# Supplied material

%%

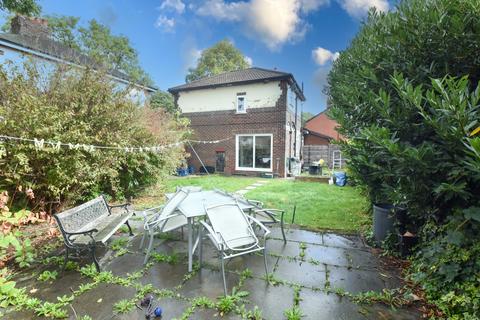 3 bedroom semi-detached house for sale, Ciss Lane, Urmston, M41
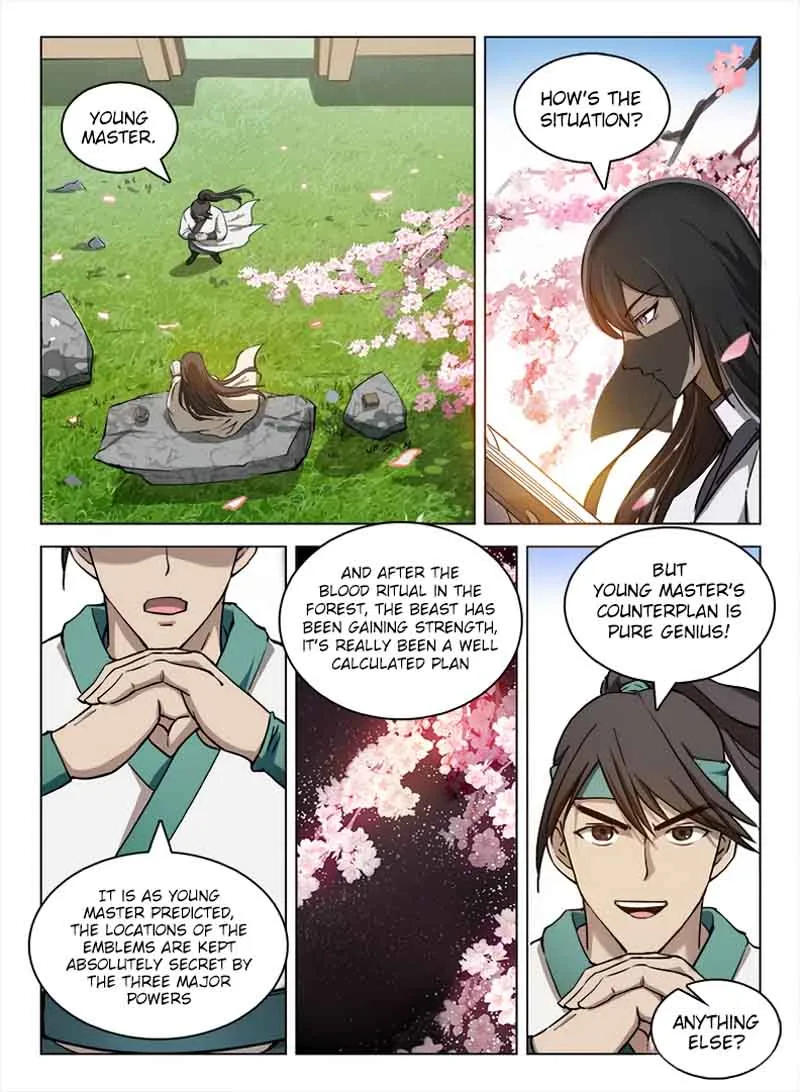 Hunter Age Chapter 102 page 4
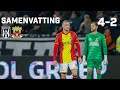 Heracles vs G.A. Eagles 4:2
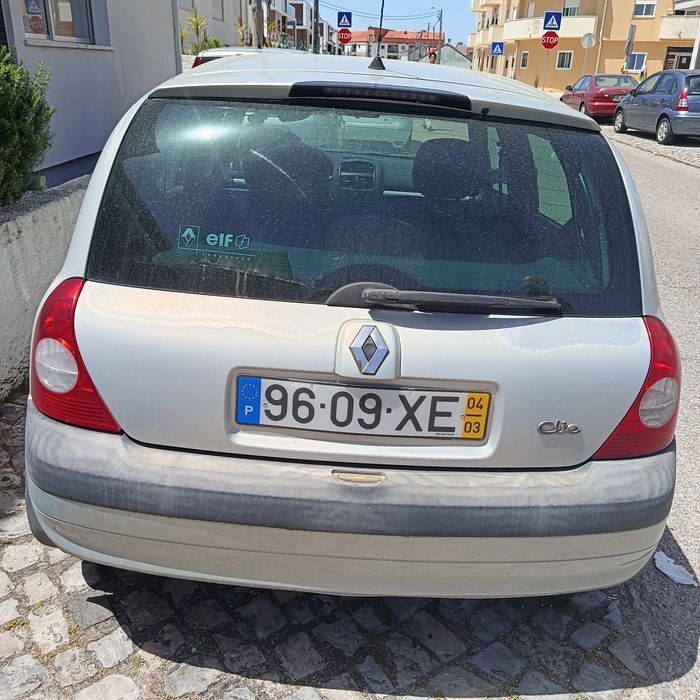 Renault Clio — fotografia 5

%%

# What the task requires
An exact copy is needed of the lines running from the one with "Heracles vs G.A. Eagles 4:2" through the end of the data above, and of those lines only, without pictures.

# Written response
 Heracles vs G.A. Eagles 4:2
 Renault Clio — fotografia 5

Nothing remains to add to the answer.